Miskin, tembel ve dermansızlık yanından insanın kaybı Akif'in en büyük dertlerindedir: “Şu sessiz kubbenin altında insandan eser yokmuş! Diyorduk : ‘Bir buçuk milyar!' Meğer tek bir nefer yokmuş! Bu hissiz toprağın üstünde mazlûmîne yer yokmuş! Adalet şöyle dursun, böyle bir şeyden haber yokmuş! Bütün boşlukmuş insanlık;  Ne istersen, meğer yokmuş!” Umranını yitirmiş dünyamız bu tembellik ve cehalet içinde perişandır. Akif'in şu mısraları ise bugünün Ortadoğu'sunun resmi gibidir: “Harap iller, serilmiş hânümanlar, başsız ümmetler, Yıkılmış köprüler, çökmüş kanallar, yolcusuz yollar(bugünün Irak/Suriye/Afganistan/Yemen/Libya vb), Bükülmüş beller, incelmiş boyunlar, kaynamaz kanlar(Irak, Suriye, Arakan, Yemen'den insan manzaraları), Düşünmez başlar, aldırmaz yürekler, paslı vicdanlar; Tegallüpler, esaretler, tahakkümler, mezelletler; Riyâlar, türlü iğrenç iptilâlar, türlü illetler(ABD, Ruysa, Suud,BAE vs); Örümcek bağlamış, tütmez ocaklar; yanmış ormanlar; Ekinsiz tarlalar, ot basmış evler, küflü harmanlar; Cemaatsiz imamlar, kirli yüzler, secdesiz başlar;“Gazâ” nâmiyle dindaş öldüren biçare dindaşlar(DAEŞ); Ipıssız âşiyanlar; kimsesiz köyler; çökük damlar; Emek mahrumu günler; fikr-i ferdâ bilmez akşamlar(Umumi durum)! 
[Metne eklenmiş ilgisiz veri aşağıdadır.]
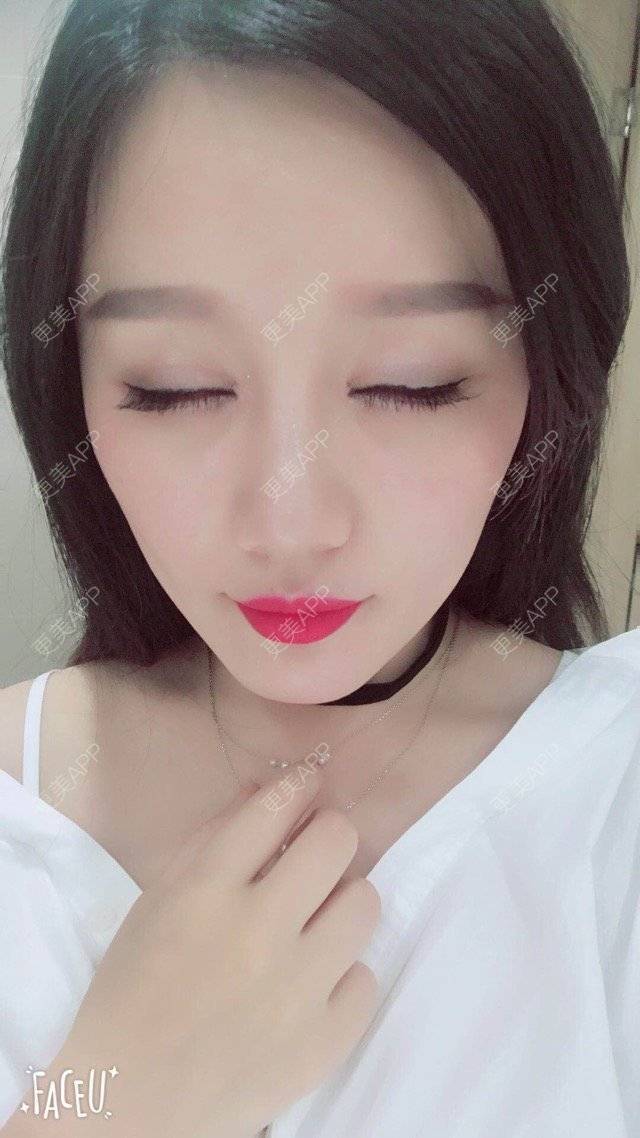 更美 - 武汉美莱医疗美容医院的全切双眼皮经验 | 全切双眼皮 | 武汉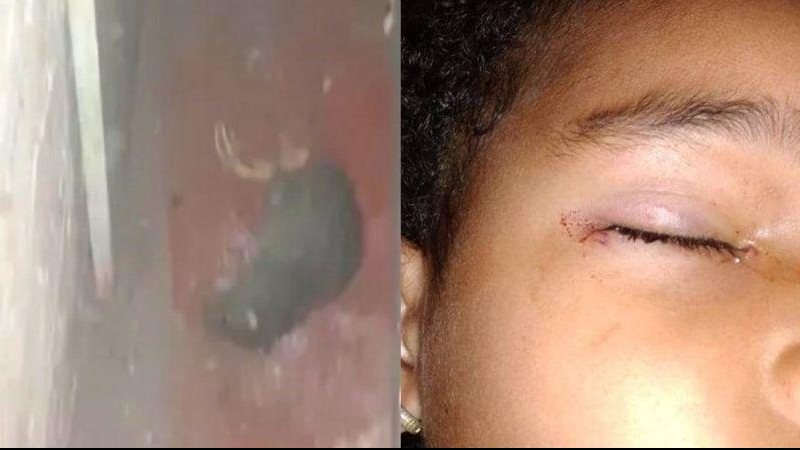 "Eu pensei que minha filha ia perder a visão", contou a mãe da criança Rato ataca menina de 3 anos enquanto ela dormia Rato morto no chão e outra foto do olho da criança ensanguentado - Reprodução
İslam dünyası Akif'in nazarında düşünmeyen başların ülkesidir; tefekkür göçmüştür bu âlemden, umran yıkılmıştır, gaza namıyle dindaş öldüren biçare dindaşlar mısraınıysa bugün izaha gerek yoktur ne yazık ki. Başsız ümmetler derken batızede idrarelerin altında ömür çürüten siyasi olarak bölünmüş bir güruha işaret ediyor. Birliğini yitirenler dirliğini de kaybediyor. Emek mahrumu günler tespiti ise düşünemeyen üretemeyen bir dünyanın fakirliğinin yani ekonomik yokluğunun da izahı gibidir. Buna bir de tefrika eklenince “Şikaak için mi eder, sâde, kalbiniz darabân? Neden uhuvvetiniz böyle münhasır namaza? Çıkınca avluya herkes niçin boğaz boğaza? Ne Müslümanlığıdır, anlamam ki yaptığınız? mısralarındaki feryad yükselir.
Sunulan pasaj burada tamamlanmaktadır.